The importance of garage door safety sensors
If you stand too close to a garage door’s designated route when it’s closing, the door will stop before hitting you. If a child’s ball rolls directly under the door and said child goes after it, the door will halt before hitting and injuring the child. Anything left on the floor near the garage door’s track will be spared being squished as well. How does the door know when to stop?
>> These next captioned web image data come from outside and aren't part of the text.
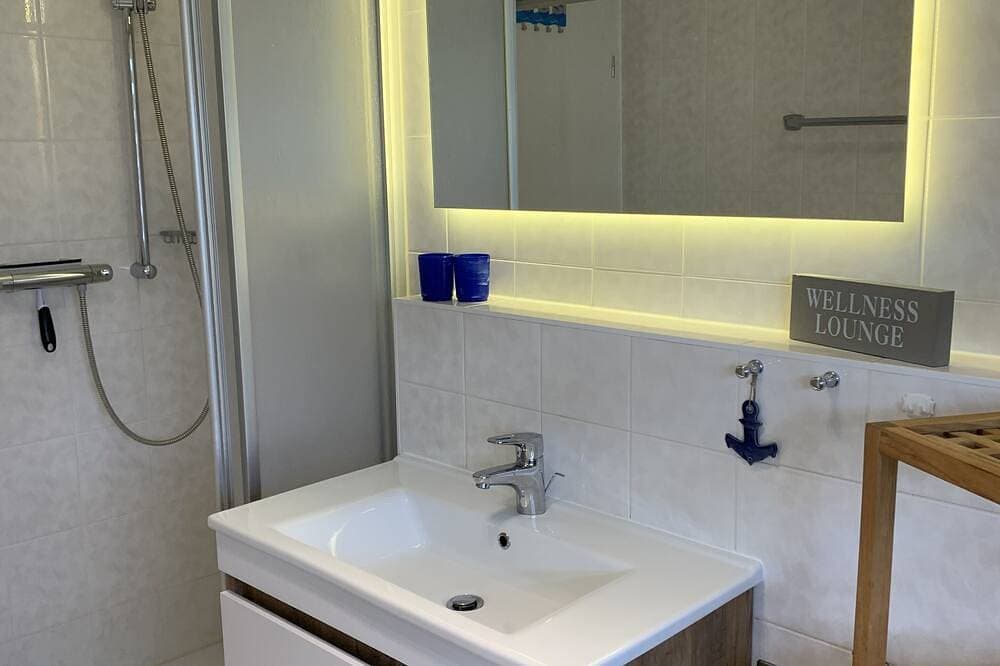 Foto 5 von 22: Reethaus Boddenblick in Alt Reddevitz mit Parkplatz, ebenerdige Terrasse,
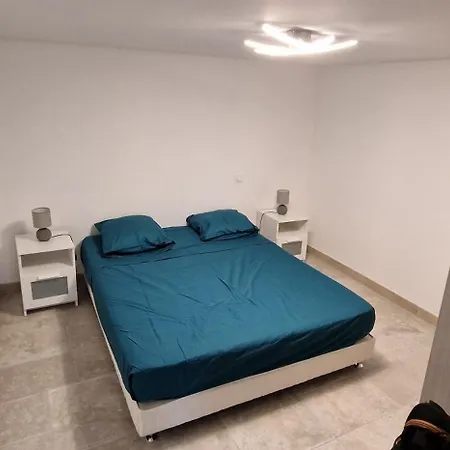 Terre De Lumiere 2. Apartment Nyons
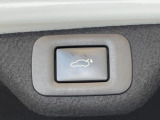 【パワートランクリッド】スマートキーや運転席のボタンを押すだけでリアゲートが自動で閉まります!荷物を持っている時や、高い位置にあるバックドアを閉める際に便利な機能です♪
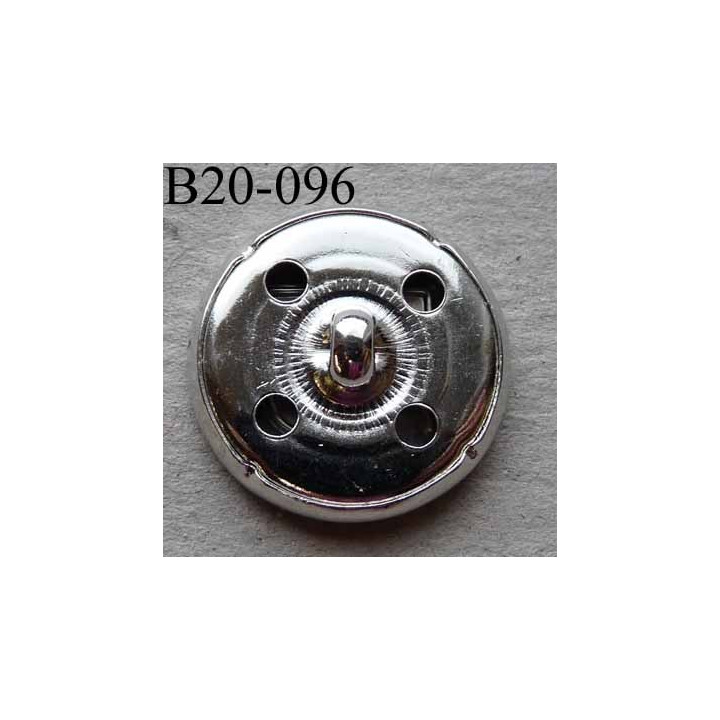 bouton 20 mm métal PIERRE CARDIN couleur chrome accroche avec un anneau au dos 
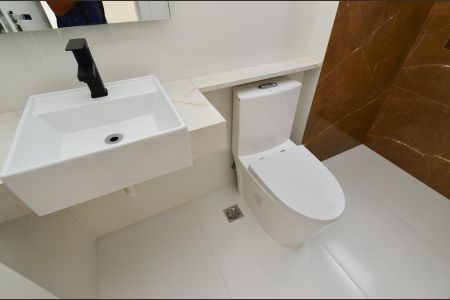 Apartamento à venda com 124m², 3 quartos e 2 vagas Apartamento à venda com 124m², 3 quartos e 2 vagasBanheiro Suíte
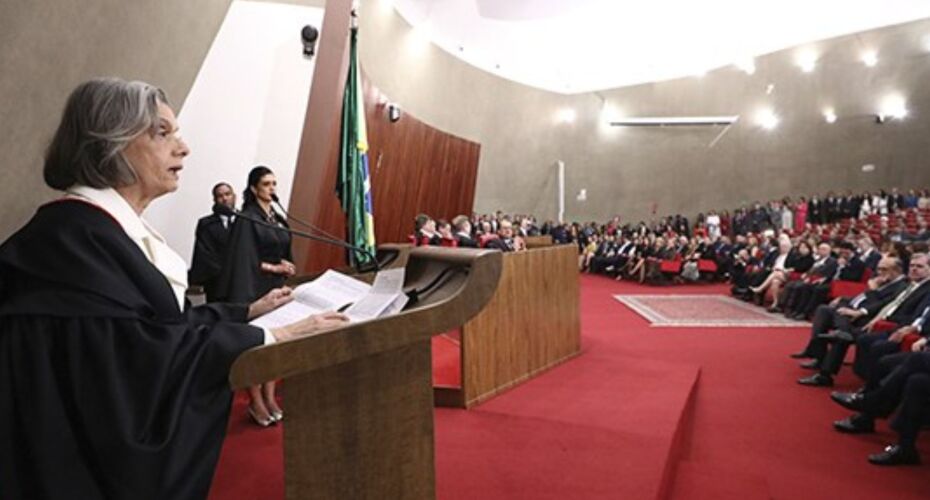 “A mentira continuará a ser duramente combatida, diz Cármen Lúcia ao tomar posse como presidente do TSE.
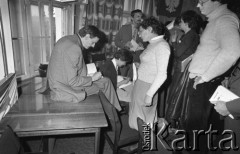 25.06.1981, Radom, Polska.
Obchody rocznicy Czerwca' 76. Autorzy, Zbigniew i Zofia Romaszewscy podpisują książkę 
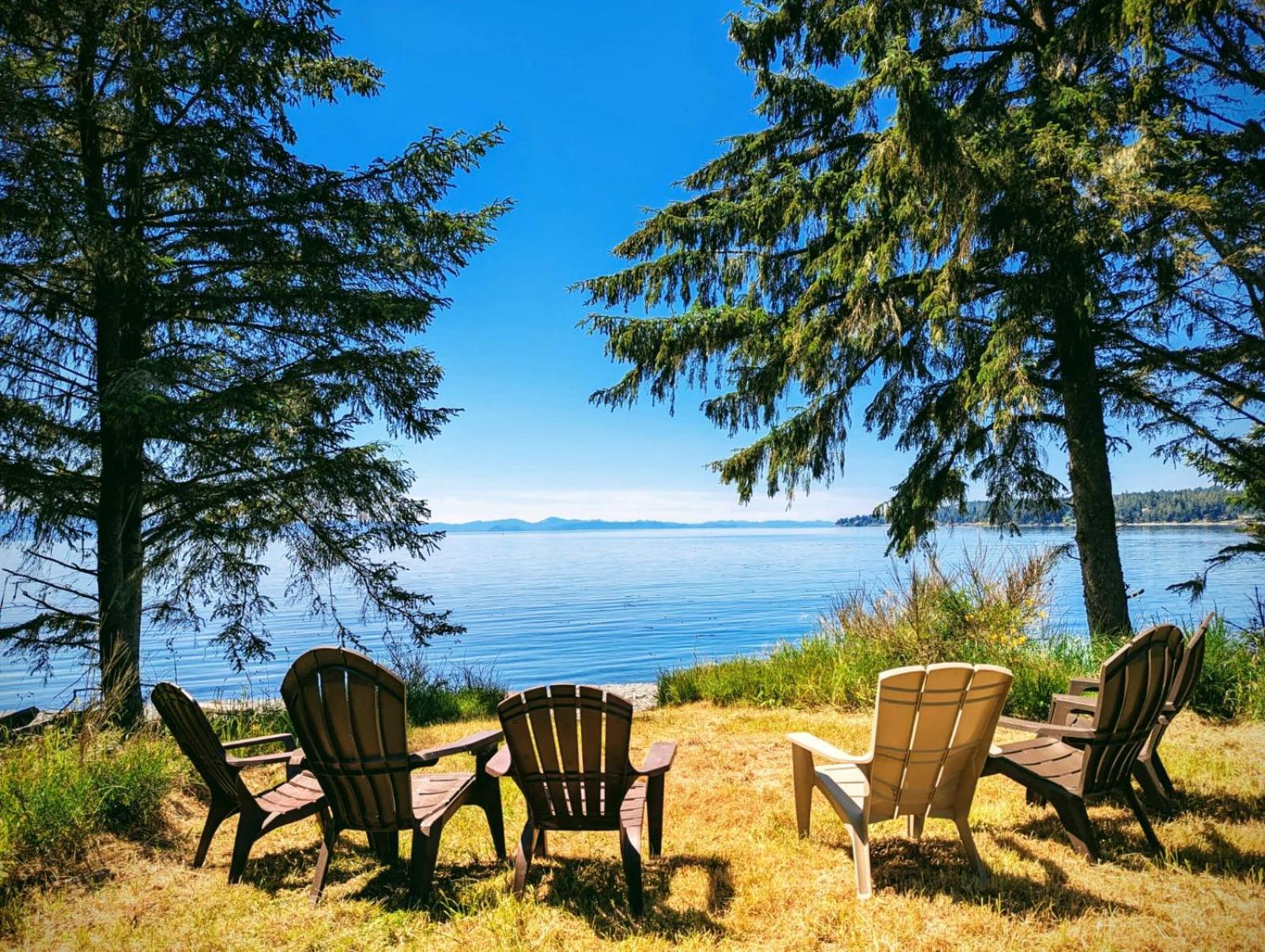 Woodside Farm Country Inn Sooke Exteriör bild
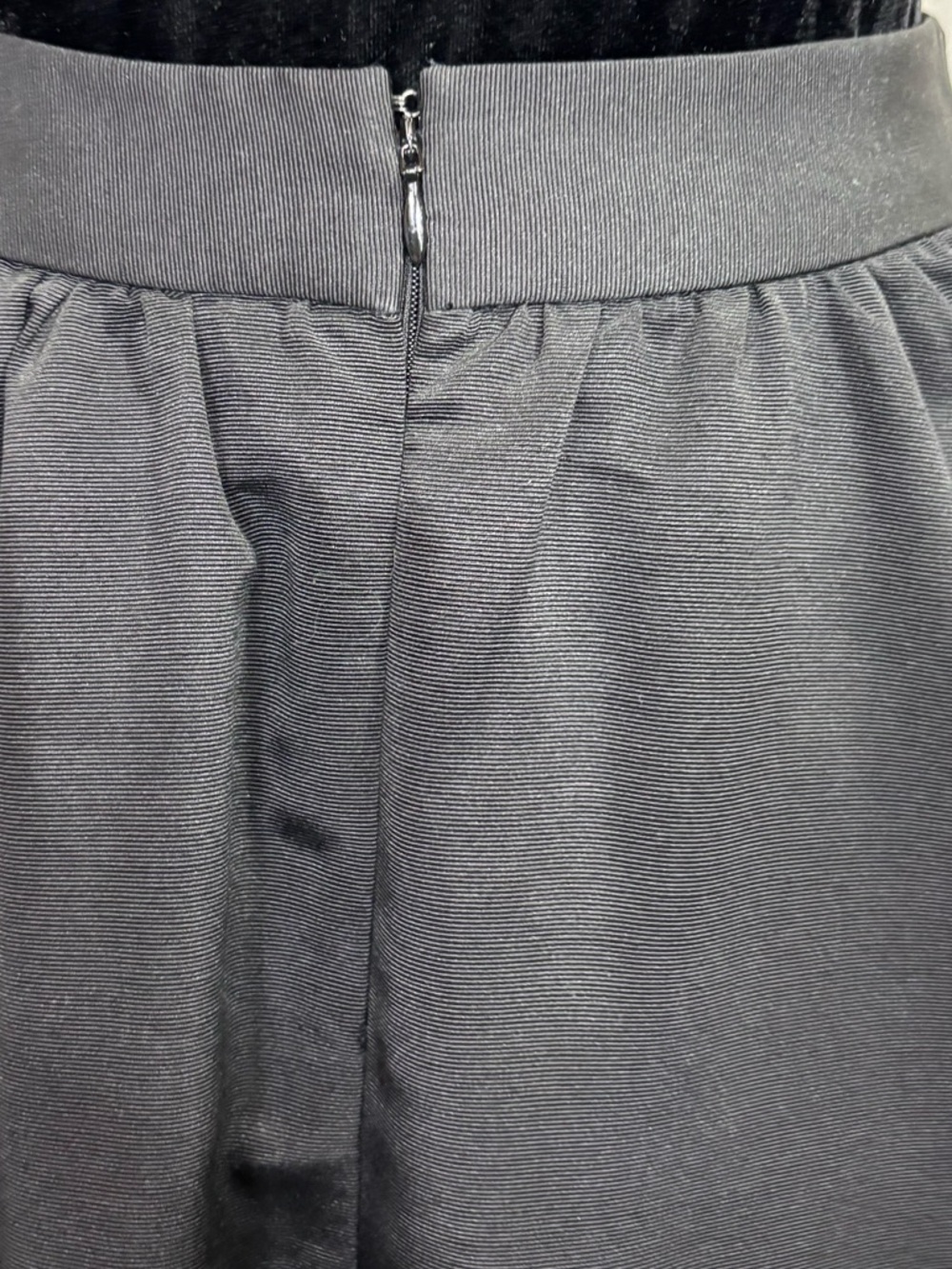 Express‎ Black A-Line Balloon Skirt with Soft Gathered Waist - Picture 5 of 8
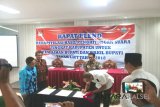 Tanah Laut menggelar rapat pleno Rekapitulasi suara pemilihan Bupati dan Wakil Bupati Tanah Laut 2018-2023, di Sinar Hotel Pelaihari, Rabu (4/7).Foto:Antaranews Kalsel/Arianto.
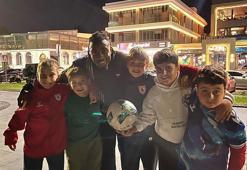 Samsunsporlu Makoumbou, çocuklarla kaldırımda futbol oynadı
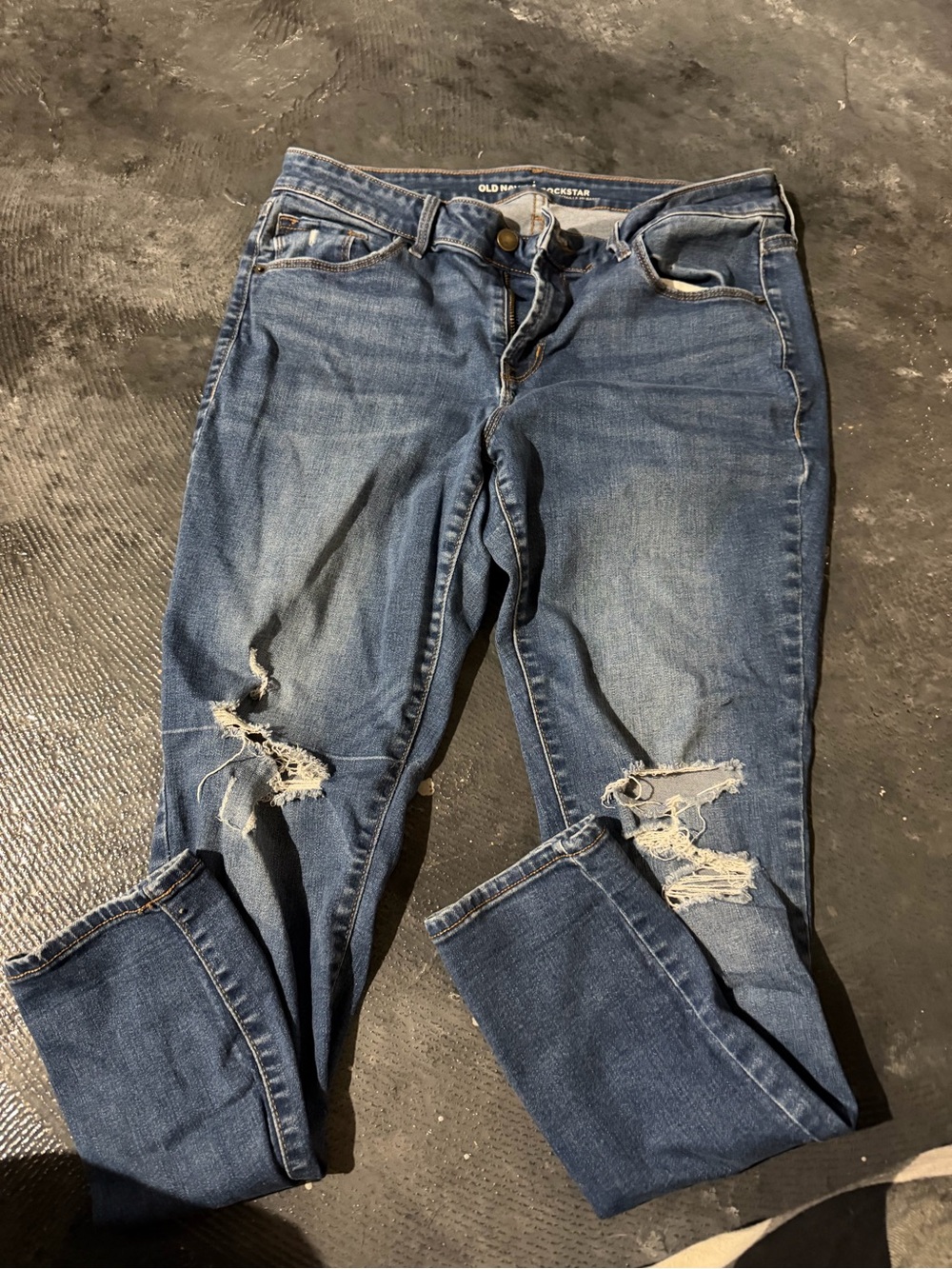 Old Navy Women’s Distressed Blue Skinny Jeans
Your garage door has eyes. Modern garage doors (meaning those made since 1993) are required to include safety sensors for the protection of consumers. These door sensors are photoelectric eyes that act as sentries looking out for any intruders in the way of the door. The sensors perform as a team of two, passing a light beam from one to the other. When the beam is broken, a signal is sent to the door opener’s motor to stop immediately, thus preventing damage to items or injury to people or pets. This is a critical safety feature as roughly three people every year die and many thousands are injured due to malfunctioning garage doors and related actions around doors.
Carrying the weight
Garage doors are by far the largest moving object in a home, with a great deal of weight behind them. The sensors are situated roughly six inches above the floor and are designed with technology to sense anything that might potentially disrupt the function of the door. Considering the amount of use a garage door sees, odds are good that it will at some point encounter an obstacle. A typical working family’s garage door runs through more than 1,000 open and close cycles every year, not including weekends.
Keep the equipment clean
It might seem like unnecessary advice, but it is important to keep garage door sensors clean and in good operating condition. To start, be sure the sensor eyes are free of dust and dirt. Dirty lenses will foul the reliability of the light beam and leave you with a questionable door function.
Check alignment and power
If your garage door sensors are not properly aligned, the beam will not connect, thus triggering the door to stop closing. Check the screws on the sensor brackets and if further adjusting is needed, gently bend the brackets to line up with each other.
Also be sure to check the batteries in the remote and check the receiving antenna for potential adjustment.